BEGIN Exercise input

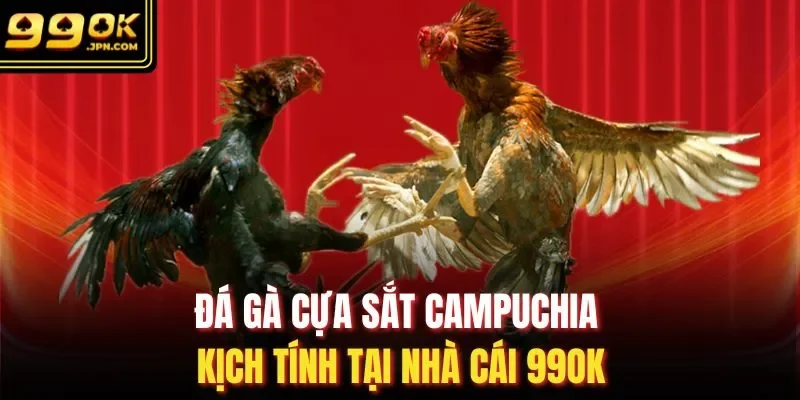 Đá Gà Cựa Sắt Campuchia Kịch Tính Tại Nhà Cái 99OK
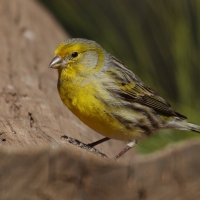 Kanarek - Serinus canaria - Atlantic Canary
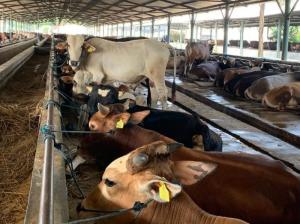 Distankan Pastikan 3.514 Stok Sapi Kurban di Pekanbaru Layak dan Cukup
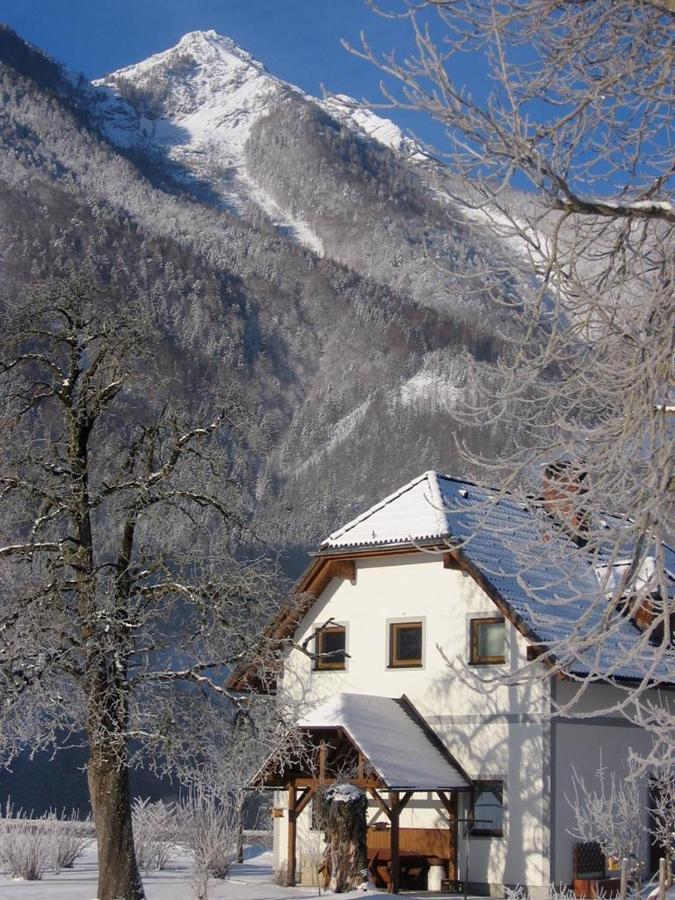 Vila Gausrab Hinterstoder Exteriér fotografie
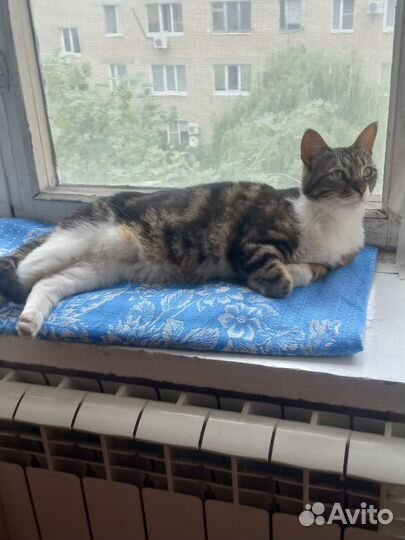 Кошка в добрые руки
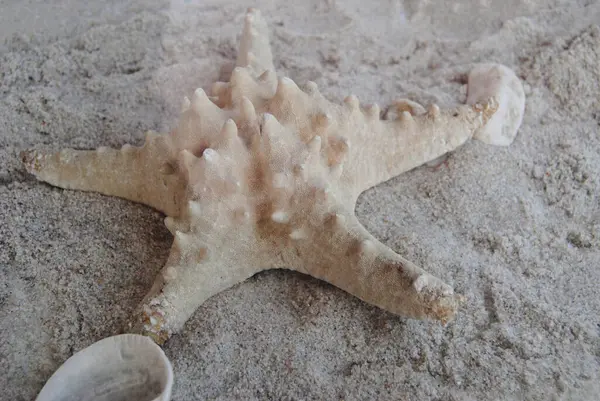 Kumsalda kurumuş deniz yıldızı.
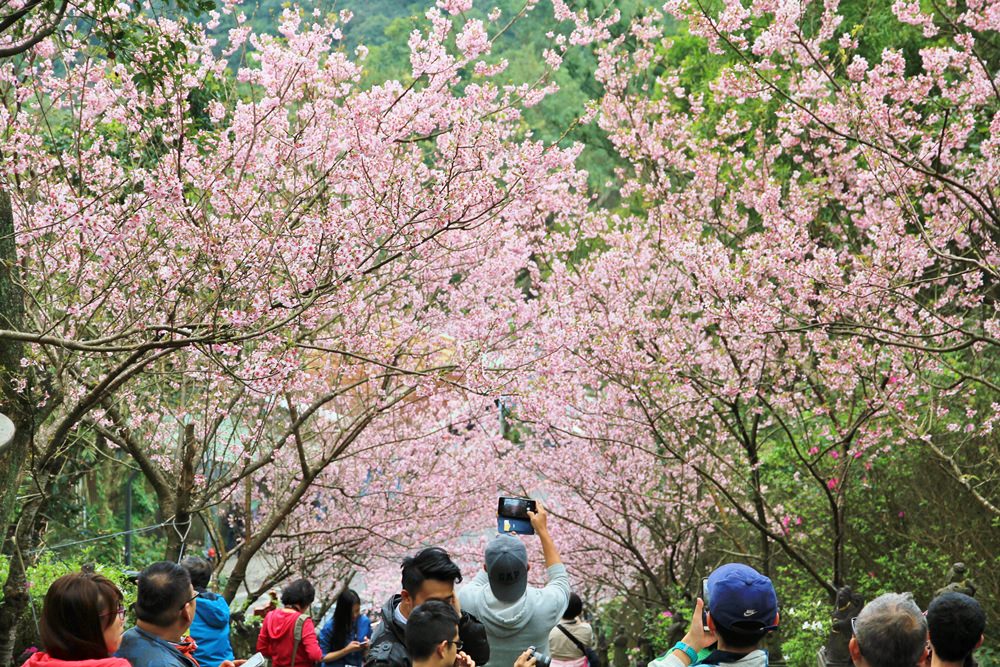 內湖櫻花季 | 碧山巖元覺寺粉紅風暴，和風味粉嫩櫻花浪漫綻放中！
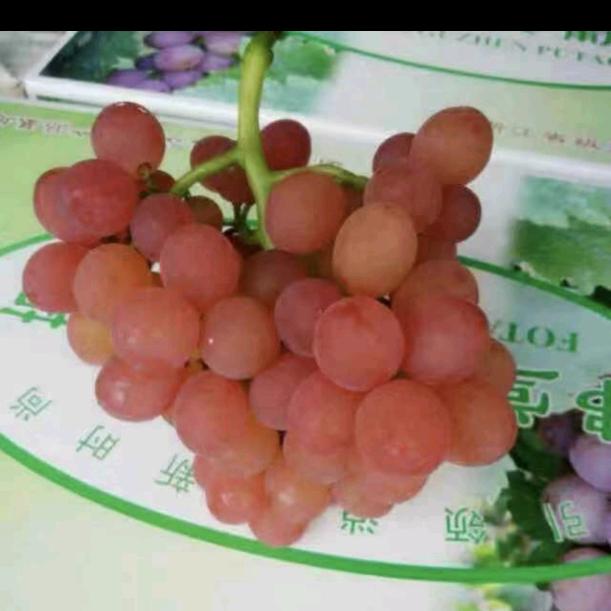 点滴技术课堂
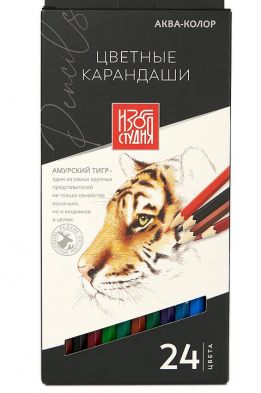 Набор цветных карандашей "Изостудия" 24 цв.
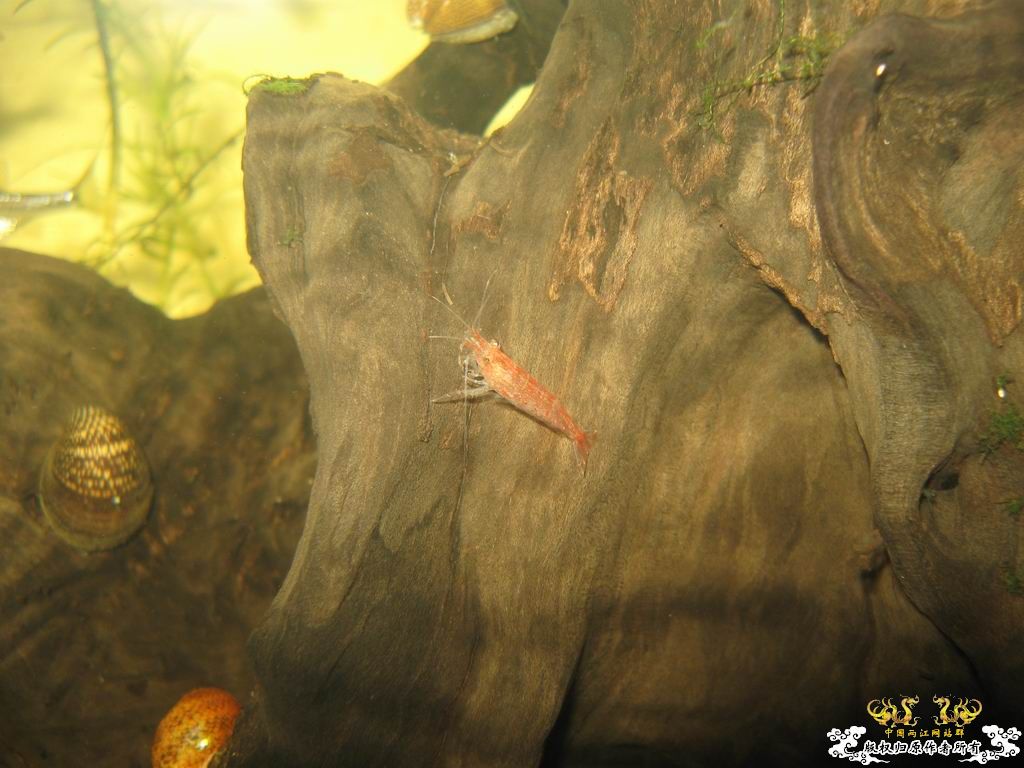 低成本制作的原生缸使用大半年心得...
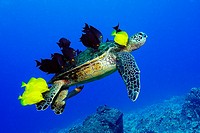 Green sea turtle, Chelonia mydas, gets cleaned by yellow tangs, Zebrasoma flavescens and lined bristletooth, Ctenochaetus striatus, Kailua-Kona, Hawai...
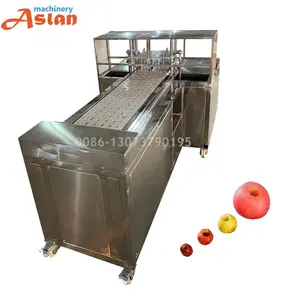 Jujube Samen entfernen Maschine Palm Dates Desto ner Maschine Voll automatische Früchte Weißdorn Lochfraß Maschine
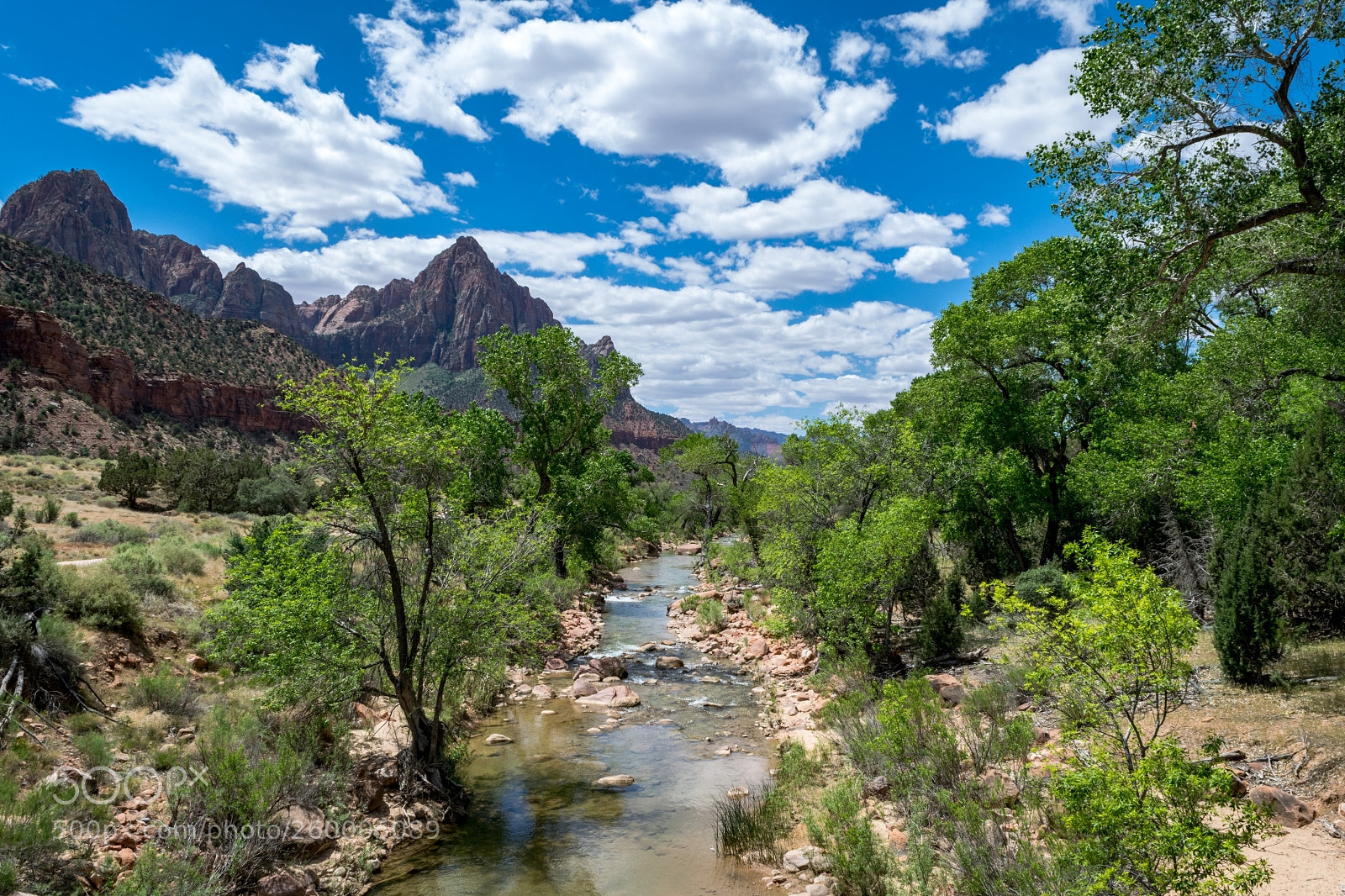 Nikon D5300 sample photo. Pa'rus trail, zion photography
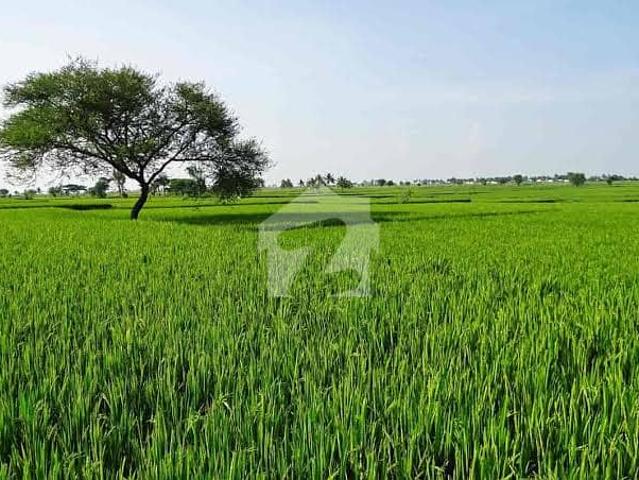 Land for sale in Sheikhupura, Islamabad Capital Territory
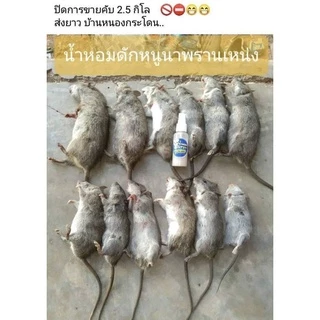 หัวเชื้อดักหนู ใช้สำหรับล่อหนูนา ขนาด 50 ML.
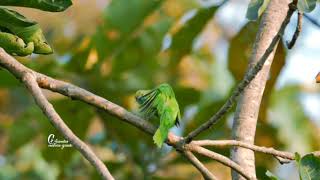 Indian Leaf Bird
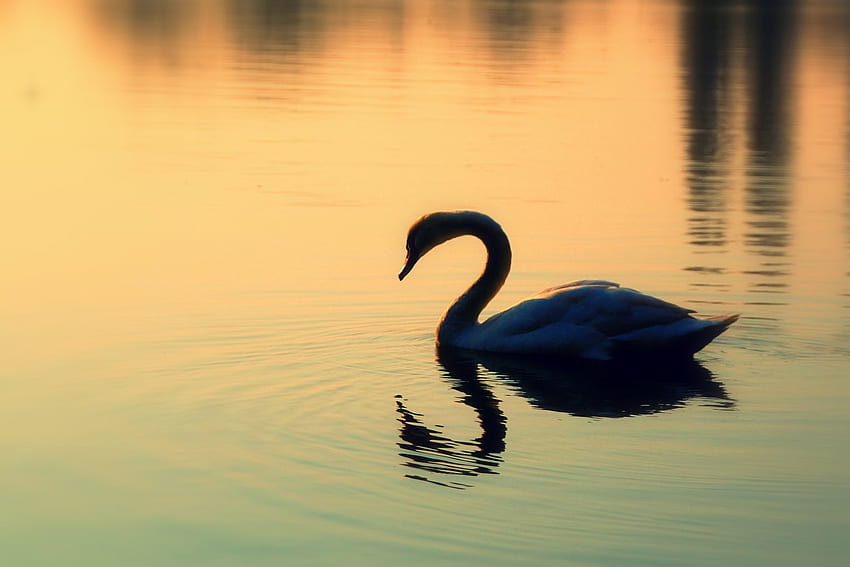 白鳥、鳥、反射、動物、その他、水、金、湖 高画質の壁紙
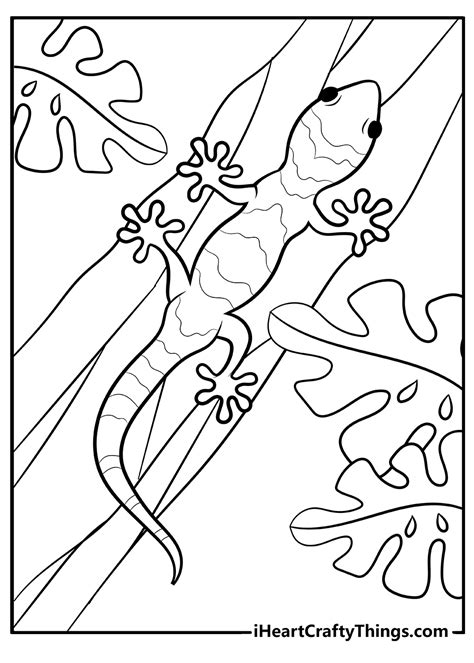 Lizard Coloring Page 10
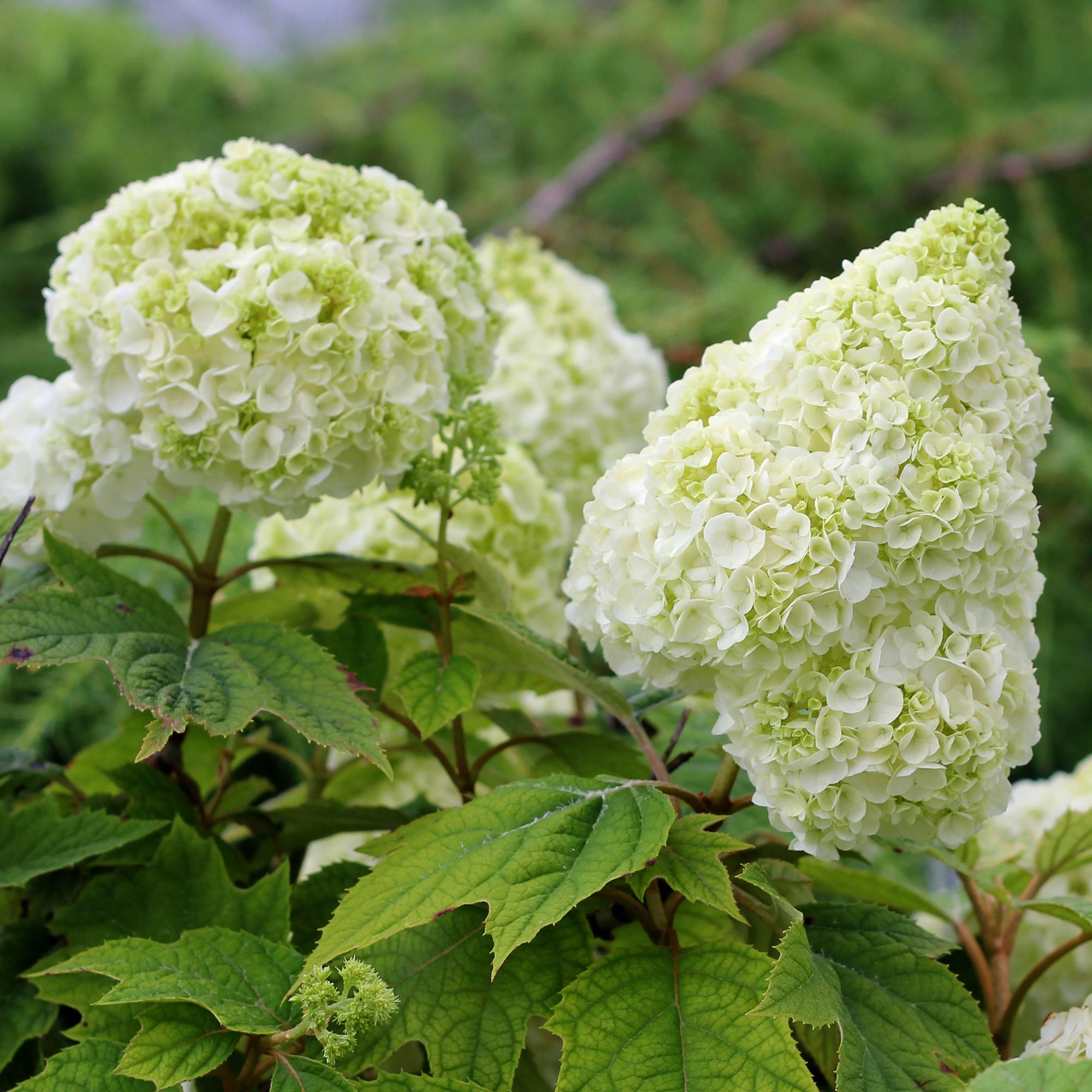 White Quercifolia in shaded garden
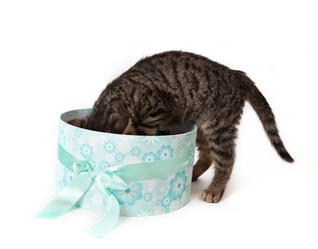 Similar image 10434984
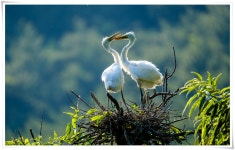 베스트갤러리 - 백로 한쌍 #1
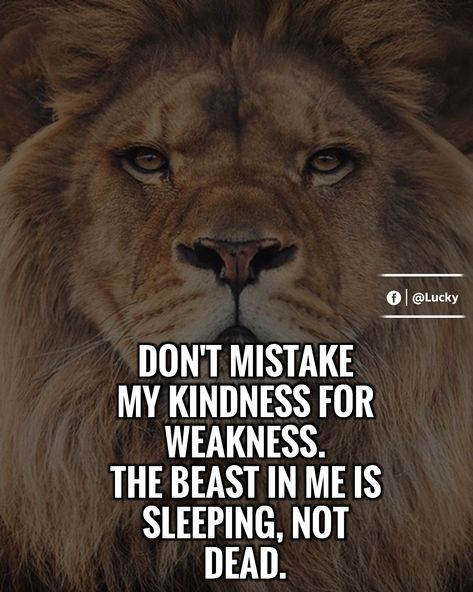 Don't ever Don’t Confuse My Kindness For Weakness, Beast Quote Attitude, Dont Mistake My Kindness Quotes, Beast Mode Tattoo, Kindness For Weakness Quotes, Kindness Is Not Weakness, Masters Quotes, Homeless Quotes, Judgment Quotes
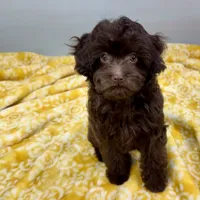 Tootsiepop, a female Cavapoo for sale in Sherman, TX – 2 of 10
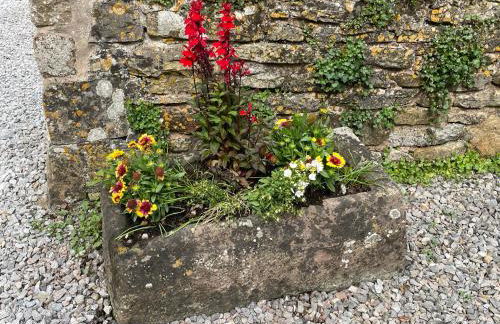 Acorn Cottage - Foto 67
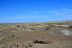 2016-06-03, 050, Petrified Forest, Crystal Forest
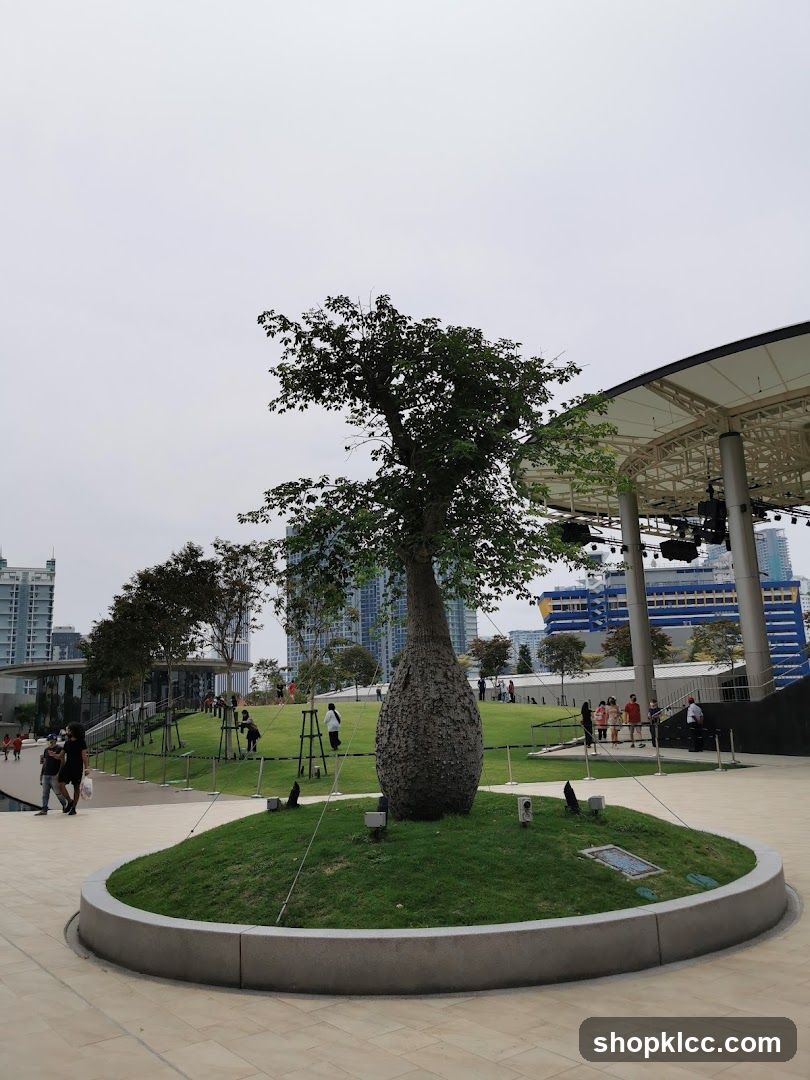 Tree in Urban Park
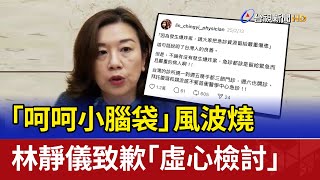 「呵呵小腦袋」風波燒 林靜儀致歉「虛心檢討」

END Exercise input

### What you need to do:
Would you output the lines above from the line holding "Jujube Samen entfernen" up to and including the line holding "Lizard Coloring Page 10", exactly and only those, with no pictures?

### Exercise solution:
 Jujube Samen entfernen Maschine Palm Dates Desto ner Maschine Voll automatische Früchte Weißdorn Lochfraß Maschine
 Nikon D5300 sample photo. Pa'rus trail, zion photography
 Land for sale in Sheikhupura, Islamabad Capital Territory
 หัวเชื้อดักหนู ใช้สำหรับล่อหนูนา ขนาด 50 ML.
 Indian Leaf Bird
 白鳥、鳥、反射、動物、その他、水、金、湖 高画質の壁紙
 Lizard Coloring Page 10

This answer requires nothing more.